No caderno da nova programação, o TNSJ adianta ainda que tanto o São João, o Mosteiro de São Bento da Vitória, e o Atelier de Guarda-Roupa e Adereços ser intervencionados no âmbito da eficiência energética, através do financiamento do Fundo Ambiental. “Estas iniciativas permitem criar condições para a produção energética e melhoria do conforto térmico destes espaços, tornando-os mais cómodos e sustentáveis a nível ambiental e económico.
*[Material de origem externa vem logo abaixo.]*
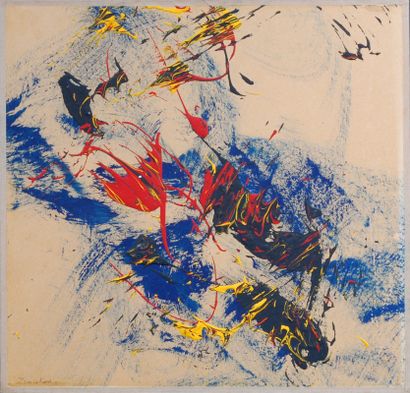 ZENAKEN (Né en 1954) 
Composition abstraite,...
À operação de reabilitação do São João, realizada em 2021 no quadro das comemorações do centenário do Teatro projetado por Marques da Silva, segue-se agora um conjunto significativo de intervenções que visam tornar estes três edifícios mais eficientes”, explicam em comunicado.

Relativamente à presente temporada, Nuno Cardoso destaca a continuação daquilo que já tinha sido anunciado em setembro deste ano, nomeadamente a ligação à temática do “sonho” por via da peça Um Sonho, do sueco August Strindberg, com encenação de Bruno Bravo, que vai estar em cena de 6 a 14 de janeiro, sendo a primeira proposta em cena do novo ano. “A programação que arranca em janeiro descende da que já tínhamos de alguma forma preparada e está relacionada com casos práticos que podem contribuir para uma narrativa entre o São João e o seu público num viver que ser quer mais social”.

O repto lançado a vários criadores e coletivos da cidade do Porto, bem como a outros artistas nacionais, fazem parte de um diálogo que a instituição quer continuar a aprofundar. “Ao lançarmos algumas destas questões, pretende-se ter em conta o património da língua, que não se esgota em Portugal, fomentar a nova criação e criar um conjunto de narrativas que também nos lembra sobre a importância do teatro”, conclui.